Por otro lado, igual hay que hablar de otra moratoria que está surgiendo en los últimos meses y no promovida directamente por los organismos políticos. En este caso está ceñida a la no plantación de pinos debido bien a que los propietarios no se fían de que no les ataque en los primeros años de la plantación el hongo causante de la banda marrón, o bien por seguir las recomendaciones que hablan de dejar unos años sin plantar en zonas afectadas para intentar que la plaga desaparezca. Es decir, que si no quieres moratoria, toma dos tazas. Ante este problema, algunos proponen sin ambages que los propietarios sigan sin poder plantar eucaliptos, e incluso proponen la introducción de pinos americanos (Pinus taedaPinus elliottii) como sustitutos de Pinus radiata tan afectado por esta plaga. El problema que le veo a este argumento es que si se critica injustamente al eucalipto por ser una especie exótica, se está proponiendo introducir otras especies exóticas, más allá de que si realmente el hongo causante de estos problemas puede afectar o no a estos pinos americanos. Si se sigue apostando por mantener la moratoria del eucalipto y no se encuentra una solución a este nuevo problema, el mensaje que se manda es que Galicia renuncia a explotar ordenadamente su recurso forestal más productivo y se priva de rentas durante los próximos años a los legítimos propietarios de estas tierras. Y si a esto se le añade, a expensas de futuras normativas, la imposibilidad legal de forestar tierras agrarias para realizar proyectos de absorción de carbono me atrevería a decir que la consecuencia de todo ello va a ser un incremento del abandono del rural: las evidencias indican que no interesa que los propietarios vivan de rentas forestales en el rural ¿es eso realmente lo que se pretende? Finalmente, si no se encuentra una solución rápida para este problema, es fácil pensar que se producirá a medio-largo plazo un cierto apagón forestal de la superficie de coníferas. Aquellos que creen que un Plan Forestal a veinte años es una especie de fórmula matemática exacta y que tiene que cumplirse a rajatabla, como en el caso del eucalipto, ya pueden empezar a rajarse las vestiduras.

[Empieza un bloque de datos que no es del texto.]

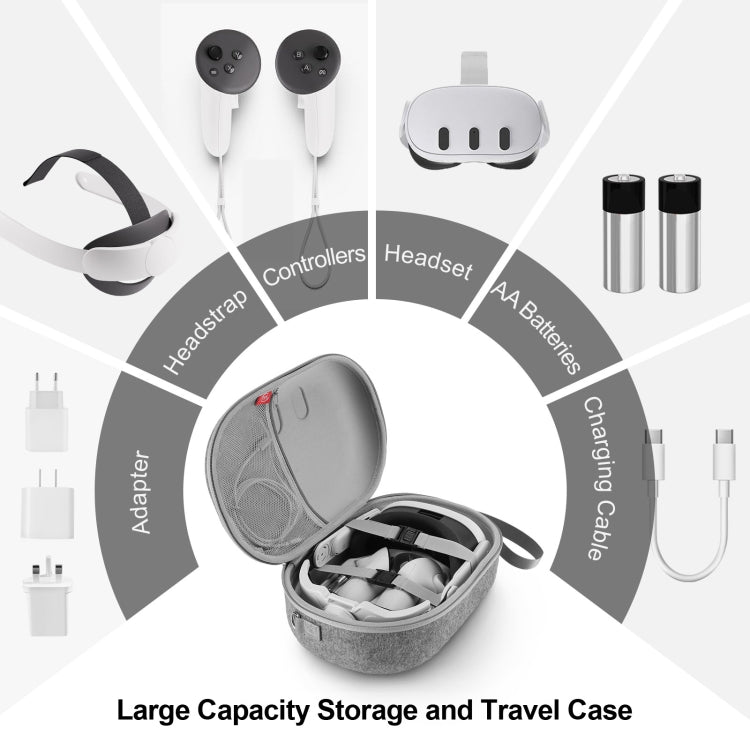 JYS-MQ018 For Apple Vision Pro / Meta Quest 3 VR Glasses Storage Bag Anti-fall and Anti-scrape Portable Bag(Grey)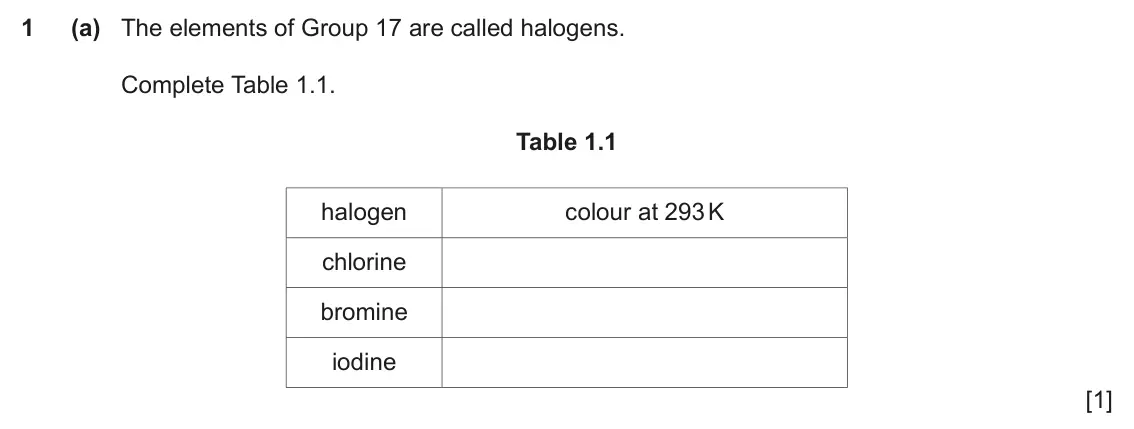 June 2024 Paper 2, question 1(a): The elements of Group 17 are called halogens. Complete Table 1.1. Table 1.1 halogen colour at 293 K chlorine bromine iodine [1]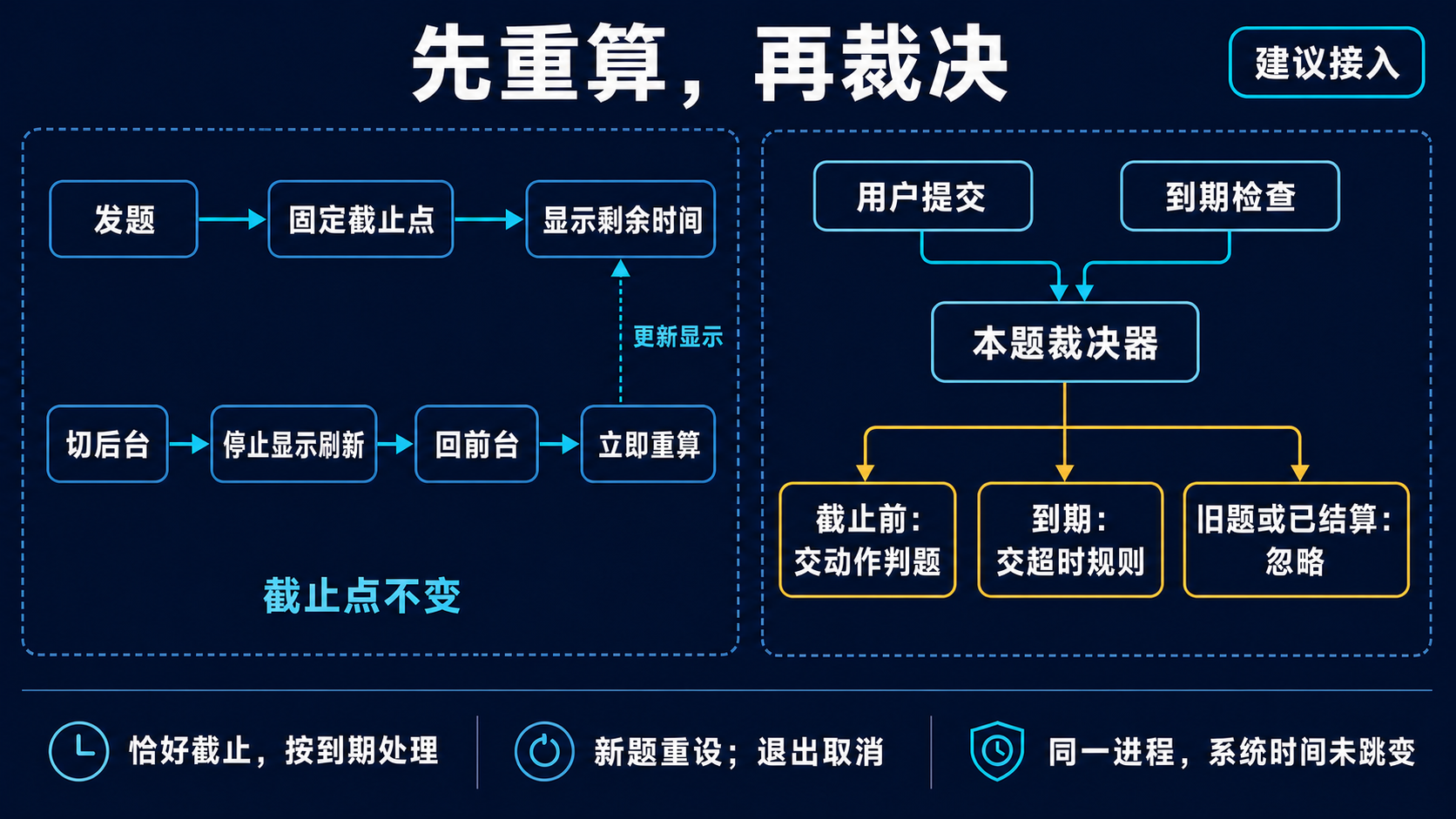 发题、停止刷新、返回重算与超时裁决流程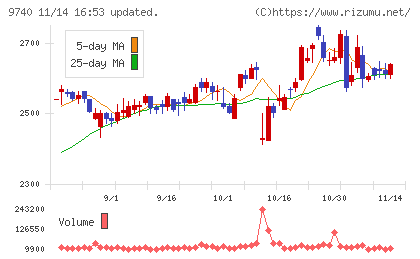ＣＳＰチャート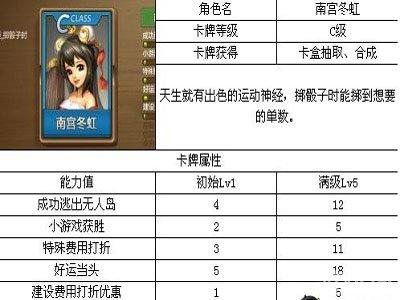 黑颜知己 只能做知己 无奈的歌 iphone6只能支持单卡很是无奈怎么变成双卡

Al mismo tiempo, se ha orquestado una campaña de ruido mediático con relación a la extensión de la moratoria, con adjetivaciones ridículas e inexactas, arrogándose unos pocos la opinión de toda la sociedad, y alentada por algunos terraplanistas monaguillos del decrecimiento. Mi opinión al respecto es que, si tanto les molesta el eucalipto, ya es hora de que adopten y promuevan actitudes valientes y consecuentes con sus atávicas proclamas. Con todo el respeto, les propondría que hicieran, a título individual, una moratoria del consumo de productos derivados de la celulosa. Por ejemplo, no utilicen papel, veten el papel higiénico (innoven al respecto con otros productos de carácter forestal), fumen puros o sólo en pipa, no compren pañales (vuelvan a utilizar pañales de tela orgánica, mucho más ecológicos y cuya reutilización favorece la economía circular), etc. Idealmente, si son muchos, ya verían como disminuye la producción de celulosa, con todo lo que podría conllevar en cuanto al descenso de la demanda y de las cortas de esta especie. Pero, mientras ello no sucede, esta campaña muestra claramente la xenofobia, el apartheid y el neocolonialismo del rural anteriormente descrito, con argumentos que recuerdan, salvando las distancias, a la metáfora de la vieja que pasa llorando de Jon Jauristi. Por último, si la Xunta se deja influenciar por dicha campaña a la hora de tomar una decisión sobre la moratoria de las plantaciones de eucalipto, será cómplice de lo arriba expuesto. No se debería olvidar que aunque la solución fácil es siempre el veto (o sea, extender la moratoria), ello suele ser lo menos equilibrado desde el punto de vista de la elección social.